··· Supplied records
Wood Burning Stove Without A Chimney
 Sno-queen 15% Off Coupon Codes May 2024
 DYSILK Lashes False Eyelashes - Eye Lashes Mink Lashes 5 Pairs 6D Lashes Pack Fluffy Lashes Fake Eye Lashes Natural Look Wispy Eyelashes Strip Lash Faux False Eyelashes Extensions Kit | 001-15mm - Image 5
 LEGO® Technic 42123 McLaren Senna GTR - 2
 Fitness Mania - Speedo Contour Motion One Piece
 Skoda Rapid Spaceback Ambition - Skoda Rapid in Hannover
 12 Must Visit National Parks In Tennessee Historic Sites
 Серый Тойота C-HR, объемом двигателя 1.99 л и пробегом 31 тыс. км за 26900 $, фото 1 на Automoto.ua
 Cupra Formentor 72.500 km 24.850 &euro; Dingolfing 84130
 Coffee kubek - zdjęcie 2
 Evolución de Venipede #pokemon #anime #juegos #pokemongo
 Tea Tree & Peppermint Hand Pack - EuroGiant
······
Your task is to retype the data exactly, with no line missing.

Wood Burning Stove Without A Chimney
 Sno-queen 15% Off Coupon Codes May 2024
 DYSILK Lashes False Eyelashes - Eye Lashes Mink Lashes 5 Pairs 6D Lashes Pack Fluffy Lashes Fake Eye Lashes Natural Look Wispy Eyelashes Strip Lash Faux False Eyelashes Extensions Kit | 001-15mm - Image 5
 LEGO® Technic 42123 McLaren Senna GTR - 2
 Fitness Mania - Speedo Contour Motion One Piece
 Skoda Rapid Spaceback Ambition - Skoda Rapid in Hannover
 12 Must Visit National Parks In Tennessee Historic Sites
 Серый Тойота C-HR, объемом двигателя 1.99 л и пробегом 31 тыс. км за 26900 $, фото 1 на Automoto.ua
 Cupra Formentor 72.500 km 24.850 &euro; Dingolfing 84130
 Coffee kubek - zdjęcie 2
 Evolución de Venipede #pokemon #anime #juegos #pokemongo
 Tea Tree & Peppermint Hand Pack - EuroGiant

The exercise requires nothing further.